How would you rate episode 8 of
After the Rain ?
Community score: 4.4

Following last week's crisis of emotional and physical contact, After the Rain has slowed things down with perhaps its most purely expository episode. While Akira got a slice of what she wanted when Kondo embraced her during the typhoon, he's also begun insisting that they're “just friends” – an assertion that clashes with her romantic ideations. So this episode begins with her contemplating how she might push their relationship in the direction that she wants. Thoughts of coercion are cut off, however, when the two get into a deep discussion of literature, which ends up revealing much about how the two of them approach their lives.

But before that, there are some antics from the side cast. It looks like Nishida and Yoshizawa have begun hitting it off, which makes me happy. The two are well-suited to one another, and it's a nice contrast to see an uncomplicated and appropriate coupling in this show. Anyway, Yoshizawa was barking up the wrong tree in pursuing Akira – something that he may learn the hard way if her involvement with Kondo ever becomes public.

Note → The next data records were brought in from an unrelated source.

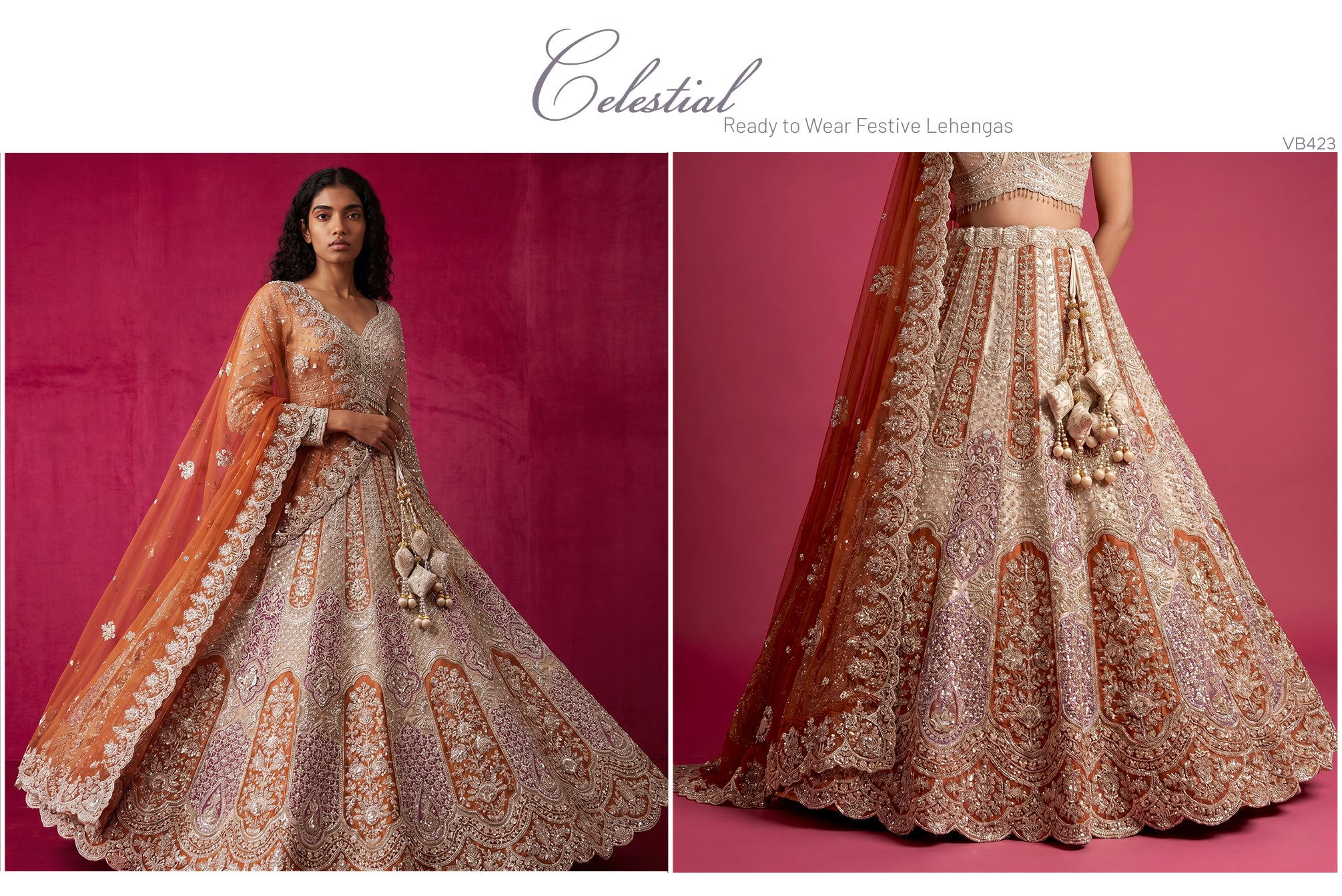 The Banaras Loom Collection: Ivory & Orange Heritage Lehenga Ensemble II – Ivory and Orange – view 2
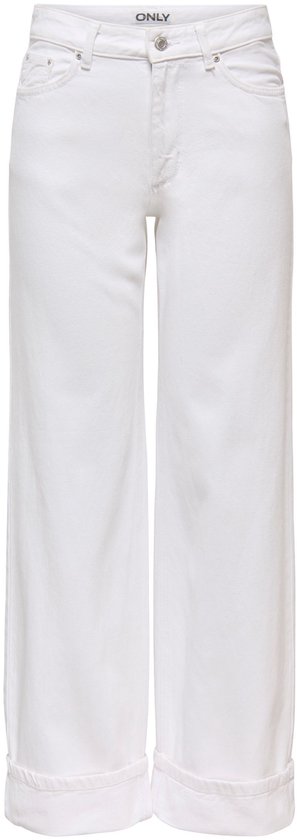 Only Jeans Onlella Mw Wide Fold Up Dnm White T 15369502 White Denim Dames Maat - W28 X L32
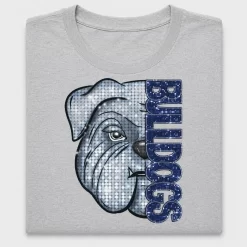 Bulldog Mascot Glitter DTF Transfer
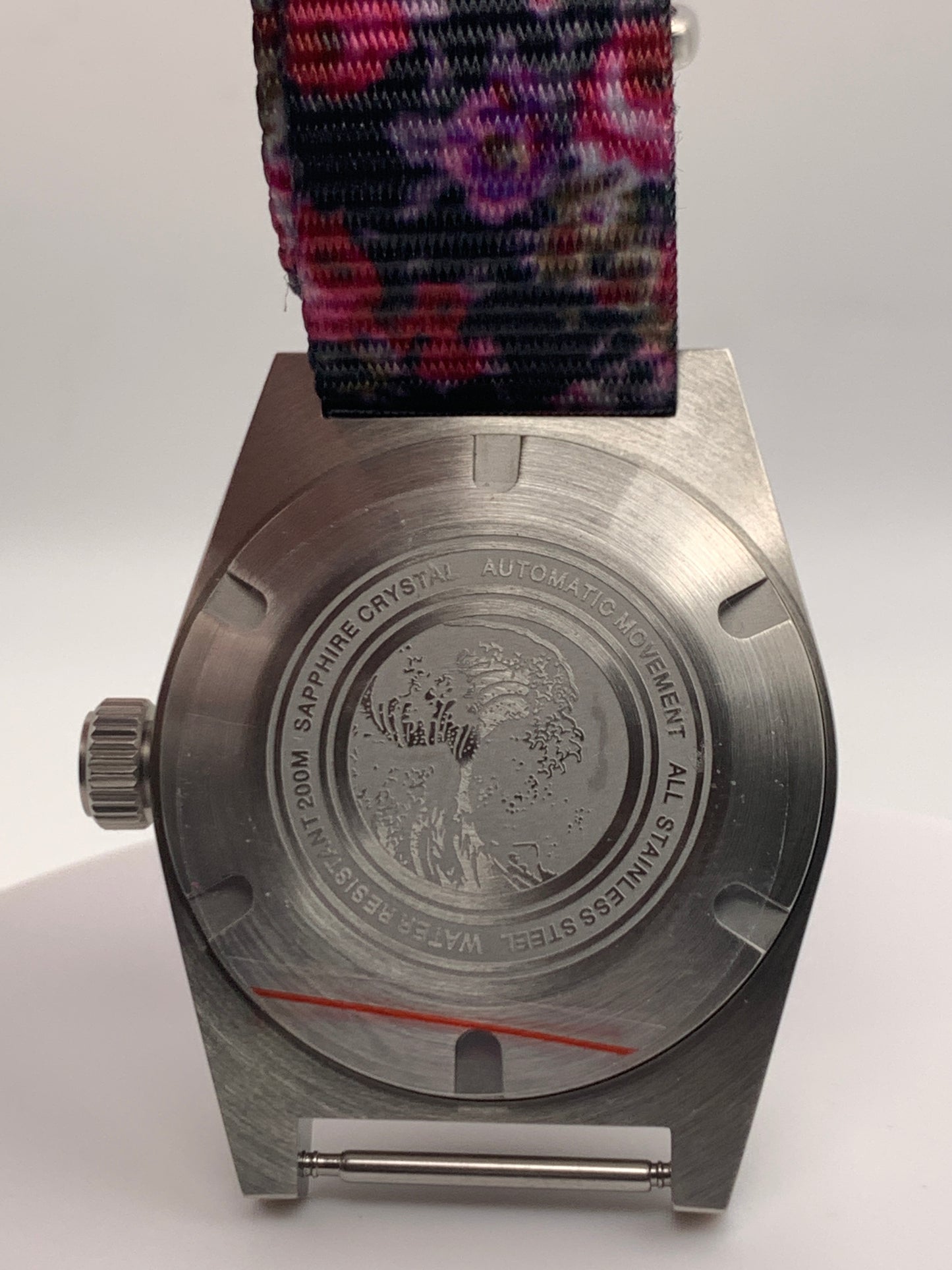 Water Garden. 38mm brushed stainless steel. Mosaic dial. Sapphire crystal with AR. Seiko NH35 automatic.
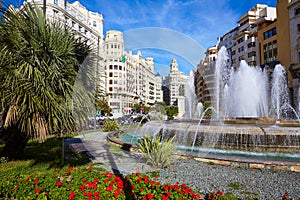Valencia city Ayuntamiento square Plaza fountain photo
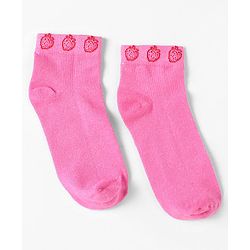 Pine Kids Knit Ankle Length Silvadur Antimicrobial Strawberry Designed Socks Pack Of 3 ( Color May Vary )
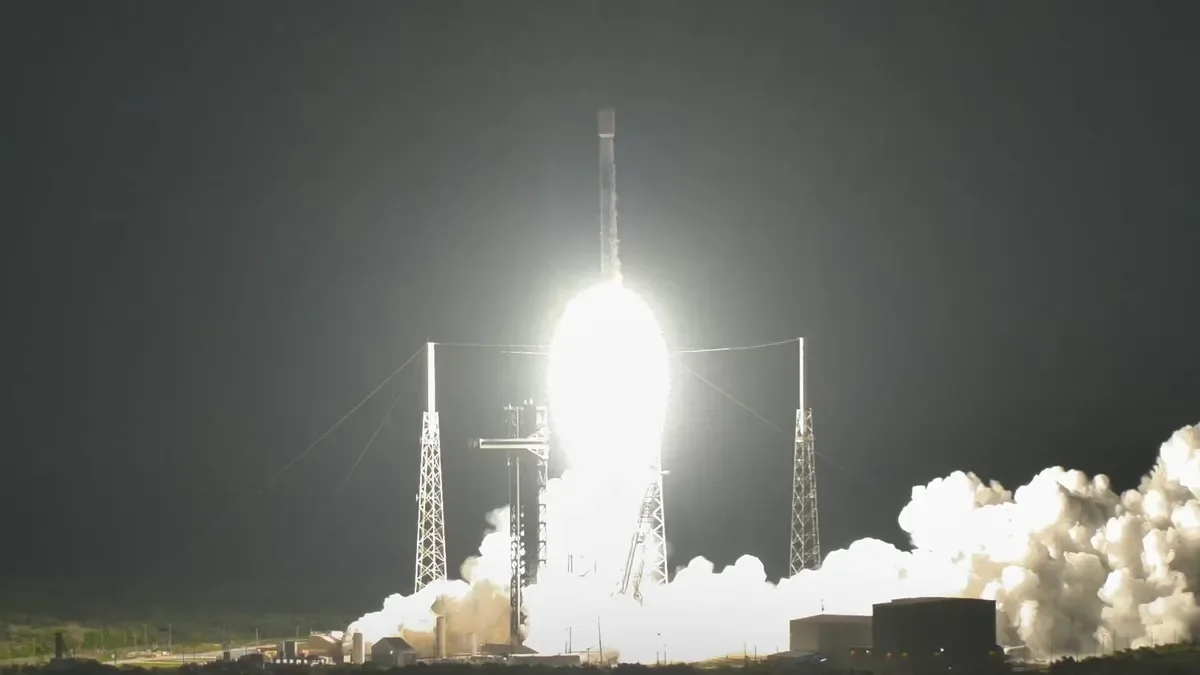 A SpaceX Falcon 9 rocket launches on Aug. 5, 2026 carrying a trio of BlueBird satellites to orbit. (Image credit: SpaceX)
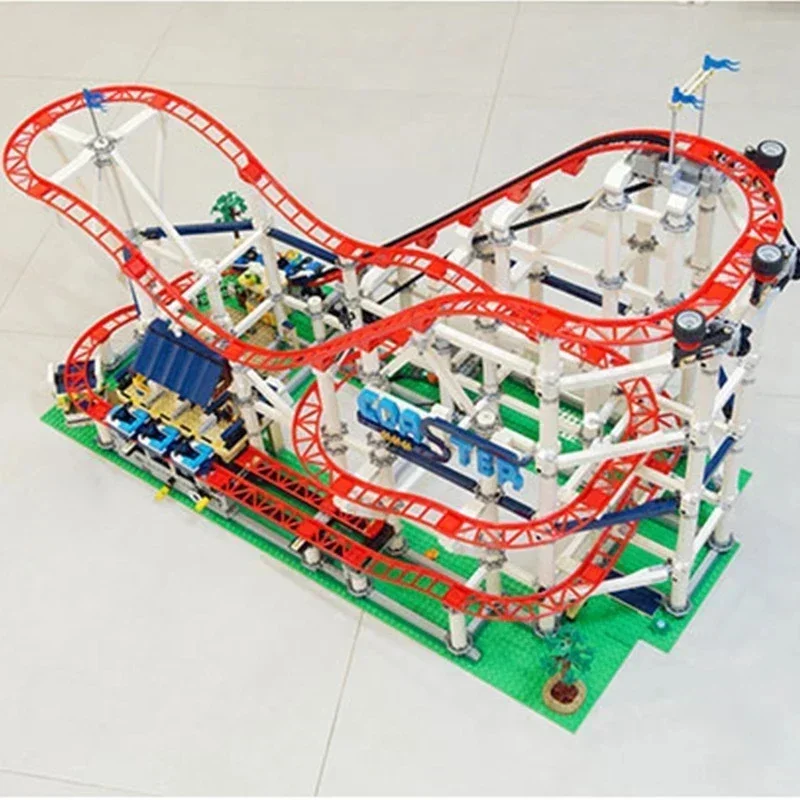 Construcción de una montaña rusa con Motor para niños, 4619 piezas, Compatible con 15039, 18003, modelo DIY, 10261, bloques, piezas, regalos de cumpleaños para niños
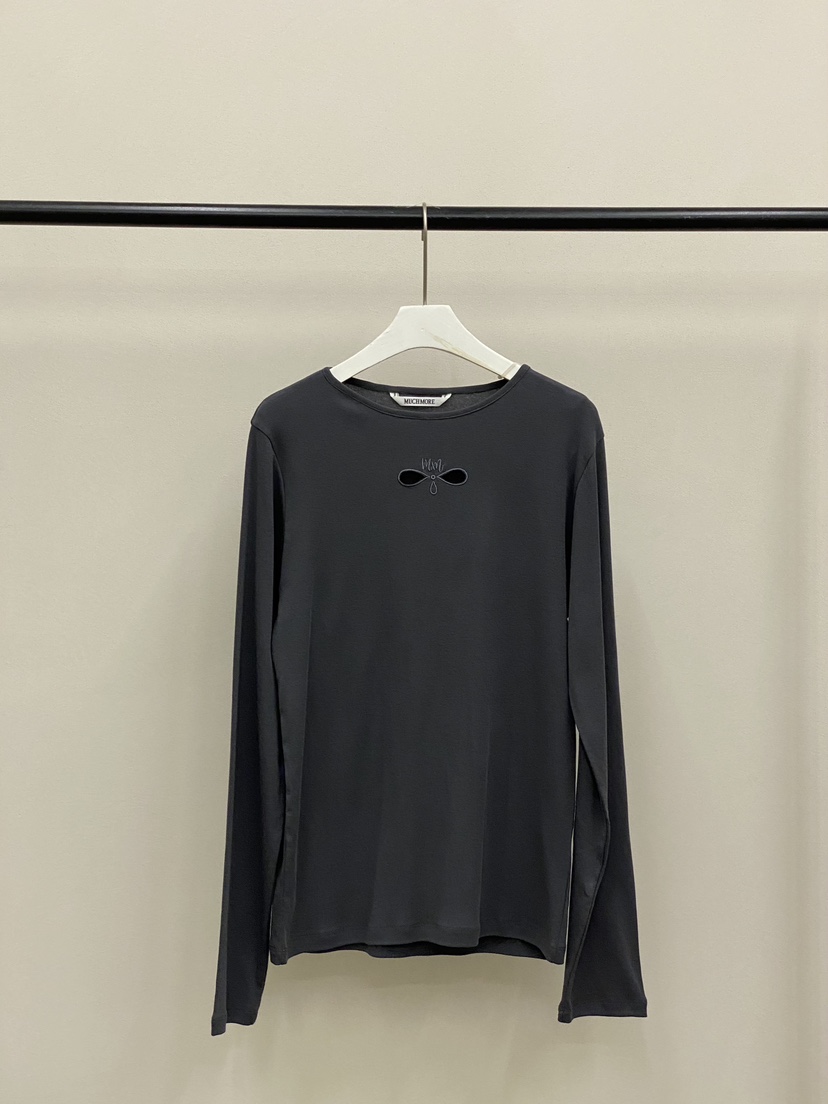 MUCH MORE/JACKPOT韓國東大門直郵女士新款26春夏長袖T恤刺繡MUCH MORE/JACKPOT長袖T恤圖色3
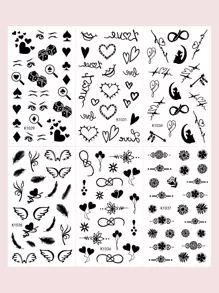 Tattoo Sticker Kits,6 Sheets Wing & Heart Pattern Temporary Tattoos For Women,Tattoo Stickers Adults,Realistic Tattoo Heart ,Wing ,For Women and Girls - Black - View 1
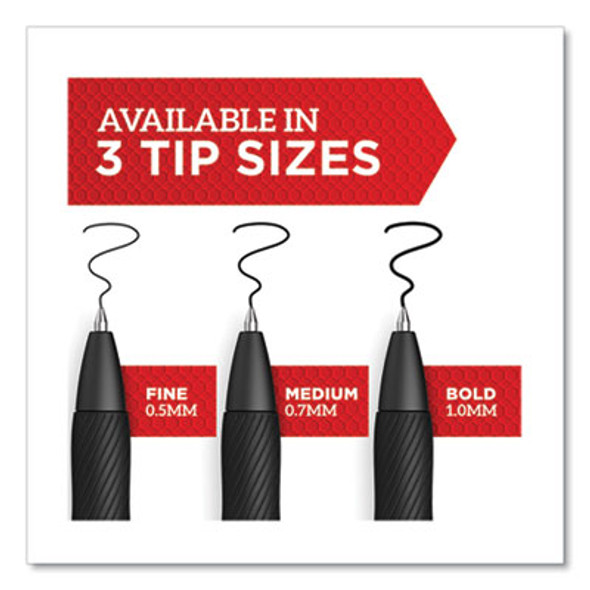 S-Gel High-Performance Gel Pen, Retractable, Fine 0.5 Mm, Assorted Ink Colors, Black Barrel, 4/Pack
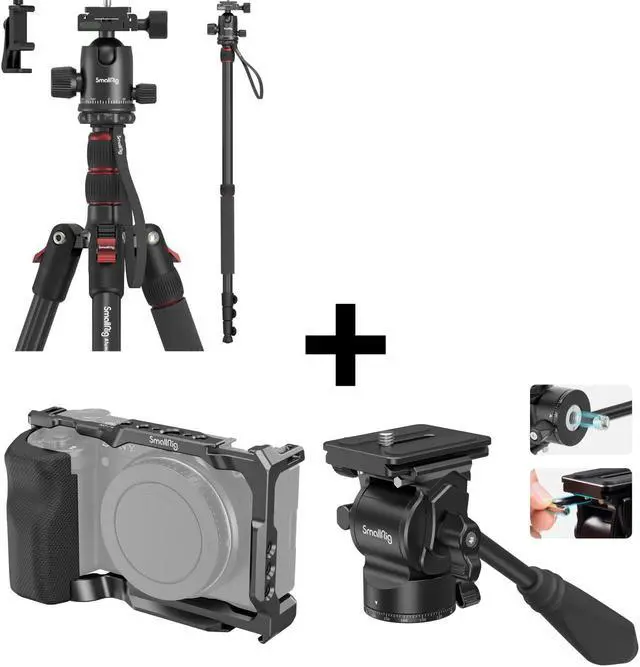 Main image of Bundle: SmallRig 71" Camera Tripod with Tripod Fluid Head Pan Tilt Head and ZV-E10 Cage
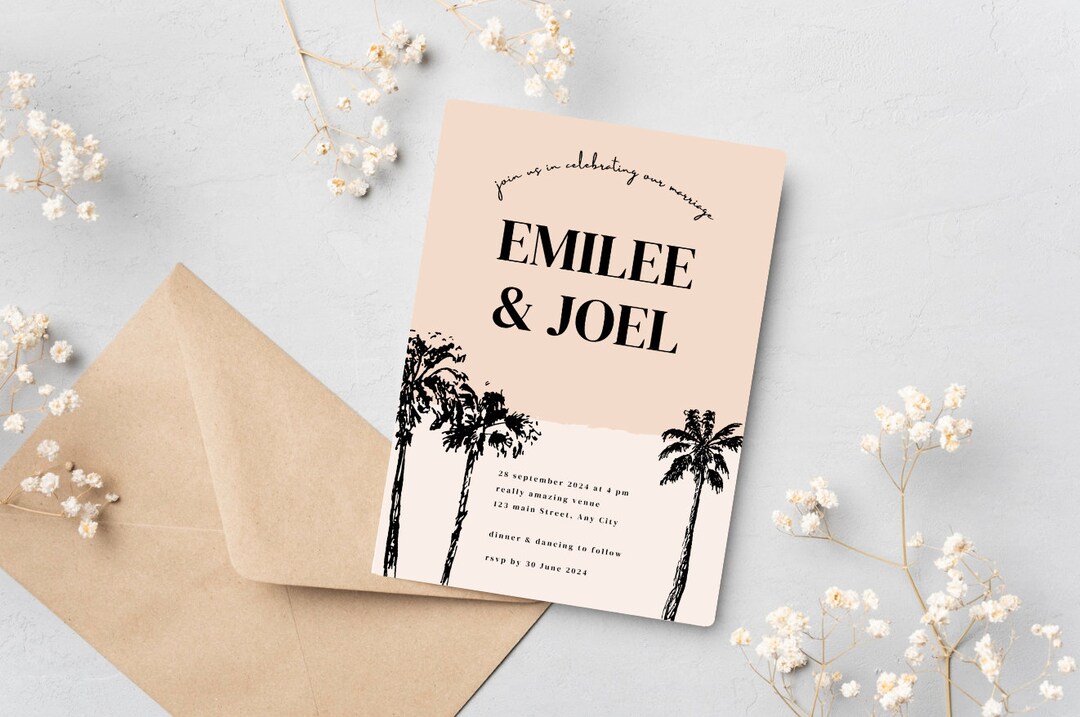 Beach Wedding Invitation Template - Etsy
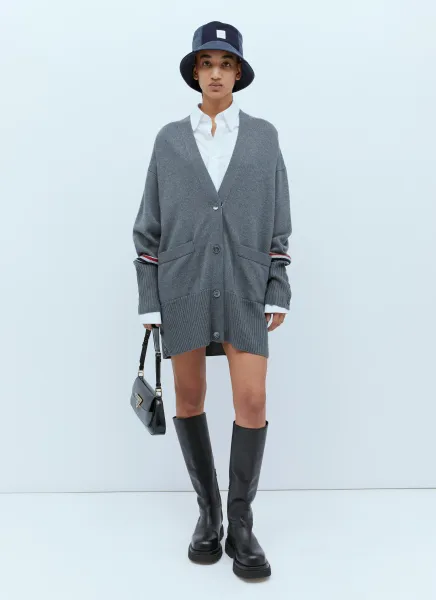 Exaggerated V Neck Wool Cardigan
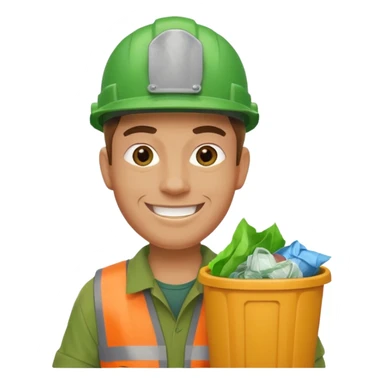 garbage man with green helmet holding garbage  sticker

Otherwise, most of the episode's thematic meat is concentrated in Akira and Kondo's discussion of Rashomon. After the Rain has invoked this story before, and it functions pretty well as a metaphor for their relationship – particularly how their actions (as questionable as they seem to an outside observer) are in truth reasonable responses to how life has treated them. Sure, you can assume Akira is a perverted weirdo for liking a middle-aged guy, but from her perspective of emotional crisis and impoverishment, this is her way of finding new motivation, just like how the characters in Rashomon resort to thievery in order to keep from starving. Desperation and crisis on this level, whether it's literal life-or-death or just emotionally feels that way, tend to upend or even rewrite a person's morality. From an outside perspective, while you don't have to like what these characters do, it can still be useful to empathize with them so you can understand how these behaviors and desires come about. That applies equally well to both Rashomon and After the Rain as works of art, since they both want you to understand why people engage in behaviors that are distressingly common despite being socially maligned.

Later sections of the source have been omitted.